===== Material for this task =====

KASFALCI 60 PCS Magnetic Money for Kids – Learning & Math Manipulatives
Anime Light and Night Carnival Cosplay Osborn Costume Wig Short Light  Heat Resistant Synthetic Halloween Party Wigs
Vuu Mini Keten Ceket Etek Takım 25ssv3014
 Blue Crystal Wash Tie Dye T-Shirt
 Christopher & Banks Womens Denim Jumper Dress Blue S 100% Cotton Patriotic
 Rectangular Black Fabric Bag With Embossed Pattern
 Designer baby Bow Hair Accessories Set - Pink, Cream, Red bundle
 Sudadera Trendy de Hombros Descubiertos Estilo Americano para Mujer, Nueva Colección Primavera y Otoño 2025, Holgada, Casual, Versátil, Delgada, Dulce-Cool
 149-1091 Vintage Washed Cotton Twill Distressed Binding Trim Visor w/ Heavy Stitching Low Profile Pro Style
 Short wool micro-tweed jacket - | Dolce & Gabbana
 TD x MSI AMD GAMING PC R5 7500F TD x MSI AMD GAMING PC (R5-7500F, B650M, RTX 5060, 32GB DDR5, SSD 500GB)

=====

Take the records and restate them word for word.

KASFALCI 60 PCS Magnetic Money for Kids – Learning & Math Manipulatives
Anime Light and Night Carnival Cosplay Osborn Costume Wig Short Light  Heat Resistant Synthetic Halloween Party Wigs
Vuu Mini Keten Ceket Etek Takım 25ssv3014
 Blue Crystal Wash Tie Dye T-Shirt
 Christopher & Banks Womens Denim Jumper Dress Blue S 100% Cotton Patriotic
 Rectangular Black Fabric Bag With Embossed Pattern
 Designer baby Bow Hair Accessories Set - Pink, Cream, Red bundle
 Sudadera Trendy de Hombros Descubiertos Estilo Americano para Mujer, Nueva Colección Primavera y Otoño 2025, Holgada, Casual, Versátil, Delgada, Dulce-Cool
 149-1091 Vintage Washed Cotton Twill Distressed Binding Trim Visor w/ Heavy Stitching Low Profile Pro Style
 Short wool micro-tweed jacket - | Dolce & Gabbana
 TD x MSI AMD GAMING PC R5 7500F TD x MSI AMD GAMING PC (R5-7500F, B650M, RTX 5060, 32GB DDR5, SSD 500GB)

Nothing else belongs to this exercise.